GIVEN RECORDS>

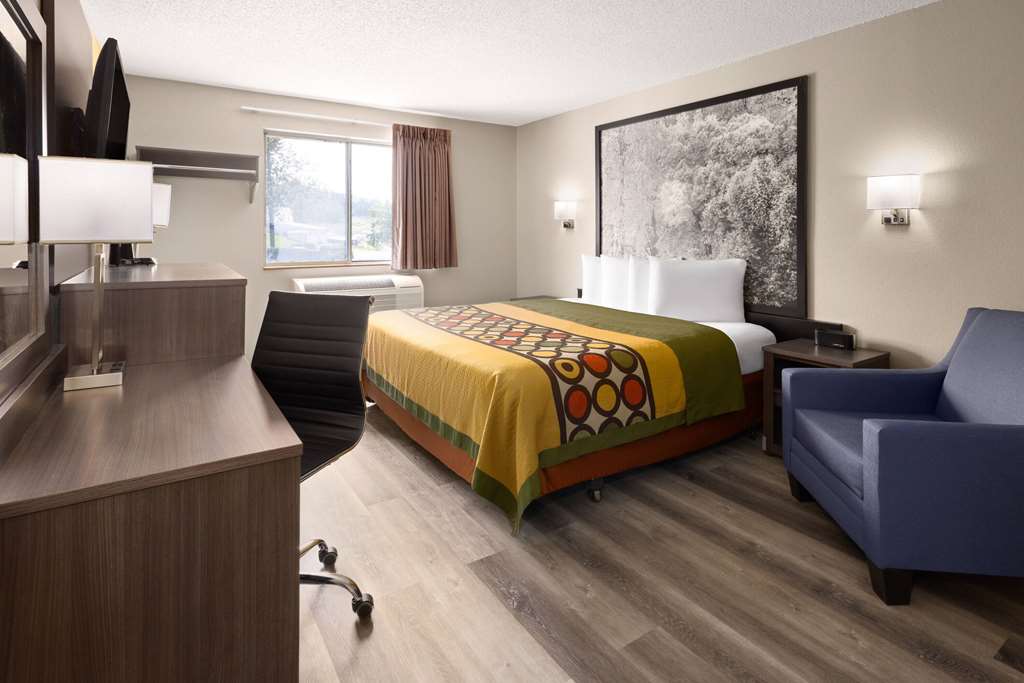 Super 8 by Wyndham Burnham Lewistown - photo 10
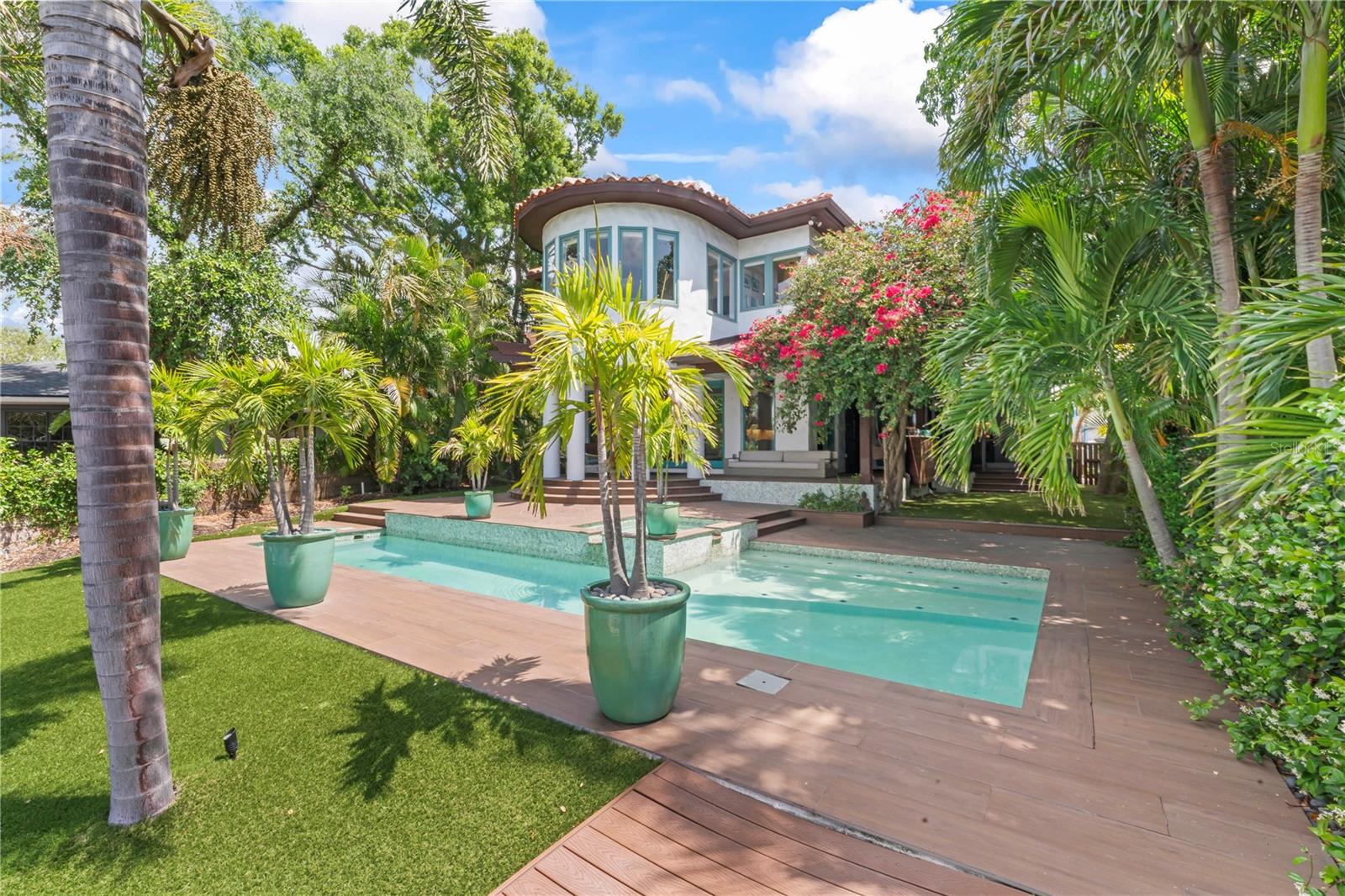 Image 86 of 99 For 90 Bahama Circle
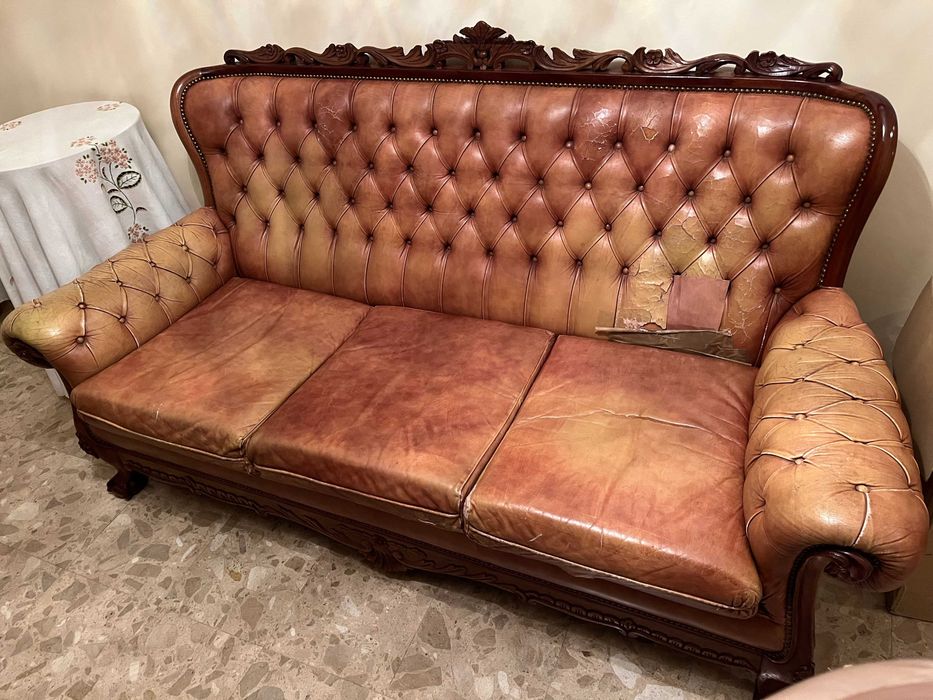 Sofá cabedal e madeira trabalhada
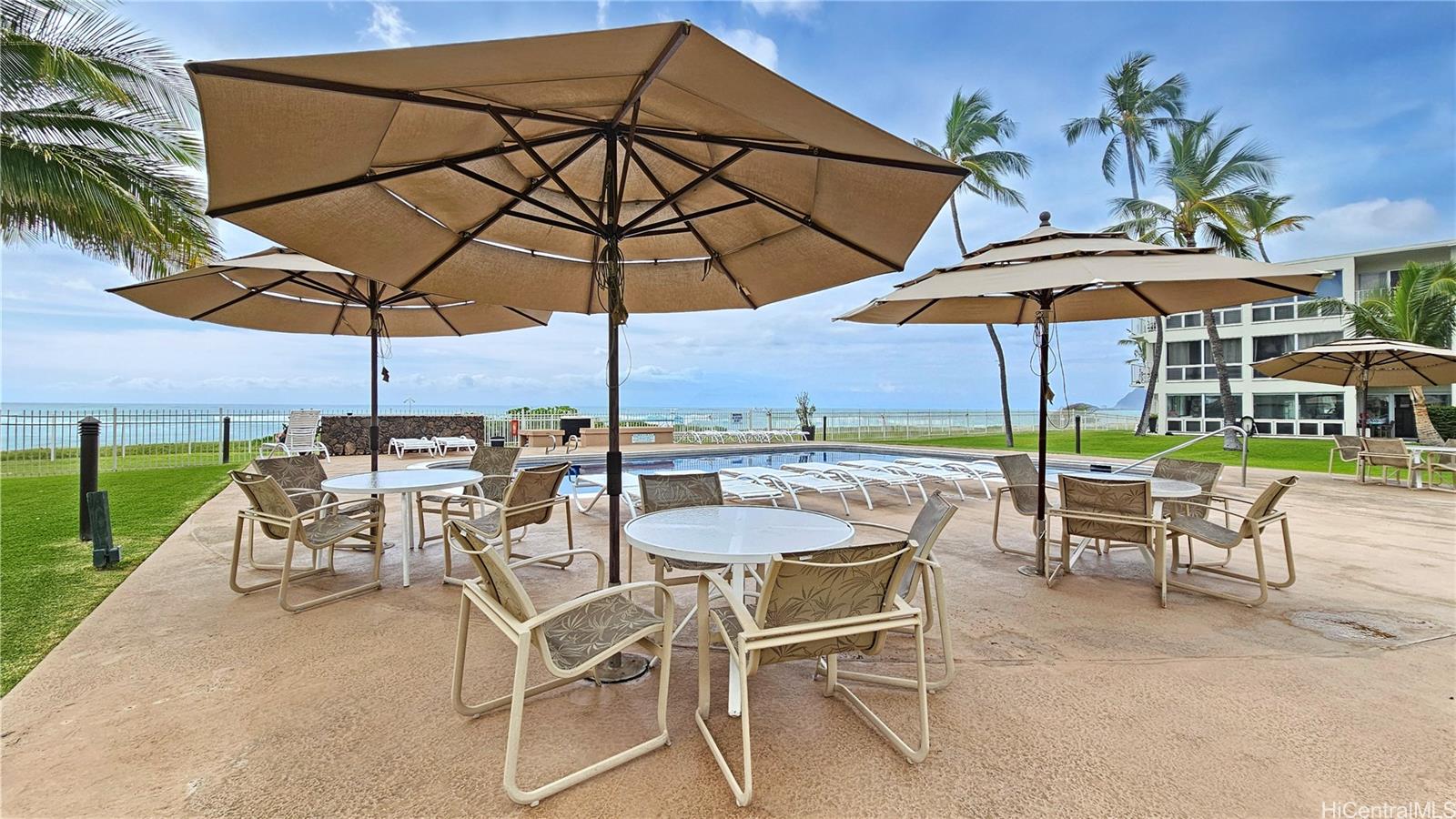 87-561 Farrington Highway  Unit 109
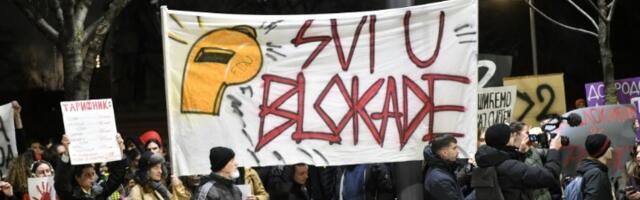 DRŽE ČAS ETIKE: Maturanti Devete beogradske gimnazije celu smenu stoje u dvorištu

GOAL OF THE EXERCISE> Retype all the data exactly. Omit pictures.

WORKED SOLUTION>
 Super 8 by Wyndham Burnham Lewistown - photo 10
 Image 86 of 99 For 90 Bahama Circle
 Sofá cabedal e madeira trabalhada
 87-561 Farrington Highway  Unit 109
 DRŽE ČAS ETIKE: Maturanti Devete beogradske gimnazije celu smenu stoje u dvorištu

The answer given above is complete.